When the county prepared its environmental assessment for the drainage easement, it did not expect that any of the lots along this stretch of Kapiolani Street would be developed. Instead, the entire area was intended to be acquired by the county to handle drainage.

For whatever reason, that did not occur, and so the lot where the Kaiaulu o Kapiolani project is intended to be built remained in private hands, unlike the adjoining lots. In fact, it changed hands after the drainage easement study, with the current owner paying $1,000 for a quitclaim deed. The developer is now proposing to pay that owner, Giampaolo Boschetti, $1.6 million for the land, according to project cost figures given to the Hawaii Housing and Finance Development Corporation.

Second, there is the matter of access to the proposed 64-unit development. As a condition of the development, access via Kapiolani Street is to be right-turn in and right-turn out only. Anyone wanting to head north on Kapiolani or anyone approaching the development from the south must enter or exit via a driveway on Kukuau Street.

As Hilo residents know, Kukuau Street, from its origin on Kilauea all the way mauka to Kumukoa, is narrow and substandard. There are no sidewalks. The street is far narrower than anything that would be allowed today. The sight distances are practically non-existent at some points.

And yet, this narrow, dangerous, substandard road is to be the primary entry and exit for residents of this project. Access and egress along Kapiolani Street, opposite the police station, will be right-in, right-out only. All other traffic will have to exit or enter by means of a narrow driveway intersection with Kukuau. Any resident wanting to head to Hilo Union schools, Foodland (the nearest grocery store) or the farmer’s market will have to exit onto Kukuau.

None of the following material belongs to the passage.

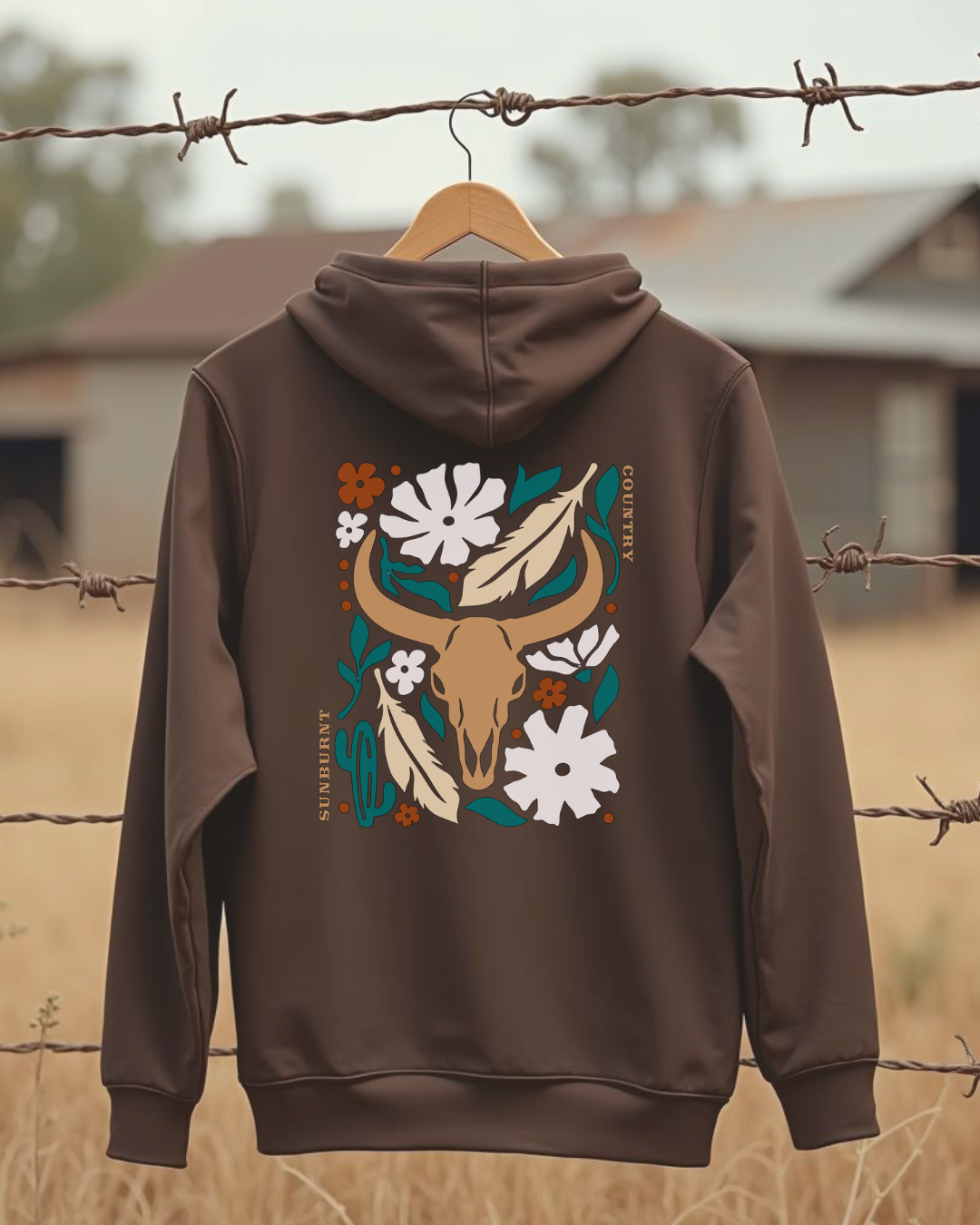 Sunburnt Country Clothing brown hoodie with flowers and longhorn skull design on the back hanging on barbed wire fence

Anyone coming back home from the Puna direction will have to overshoot the Kapiolani drive and then make a sharp left turn onto Kukuau, an acute-angle intersection that is hard to maneuver in the best of times — and which, I might add, often floods during heavy rains.

This is advertised as an “affordable” housing project. Yet the developer’s own cost figures show the average cost per unit to be around $840,000, far above the cost of a decent single-family home in the Hilo area.

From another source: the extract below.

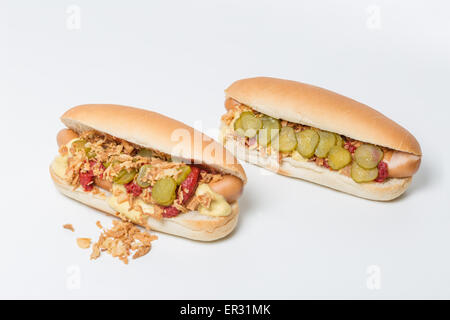 Hot Dog in un panino con cipolle arrosto, sottaceti, ketchup e senape su sfondo bianco Foto Stock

I and others have many more concerns about the project. Not least is the fact that the surrounding community has received very little notice about the proposal. Most of them do not read the bimonthly state Environmental Notice and would not have seen the absurdly long, puffed-up 700-page draft environmental assessment published in June 2021 or the even longer, 800-page final EA published in August.

The County Council gave brief consideration to this project in February 2021, when I did show up to testify, but approved it without serious questioning. The only notice to the neighbors consisted of a sign along Kapiolani Street, where there is no area to park in order to read it. And even then, that sign refers only to rezoning matters, not to the placement of a major housing development on the site.

The goal of providing affordable housing is a laudable one. I would note that the residents who will be most impacted by this development — those living in the apartments and homes along Kukuau as well as those living along the small driveways running from Kukuau back to Alenaio Stream — are for the most part living in low-income housing already, although it may not be designated as such. Almost all of these neighbors are unaware of the proposed development, lacking the time to participate in the few public hearings that were held.

There is still opportunity for public input. If the developer is to use drywells for drainage, the Department of Health must approve them, and a public hearing may be required on that application.

I am not at all opposed to affordable housing. But this is not an appropriate site for any development, and the county’s Office of Housing and Community Development should be challenged to explain why this project was approved and by whom.

The best use of the land along Kapiolani Street in this block would be as a county park, with walkways and an improved impoundment to receive the drainage. I would hope the developer and the county administration agree.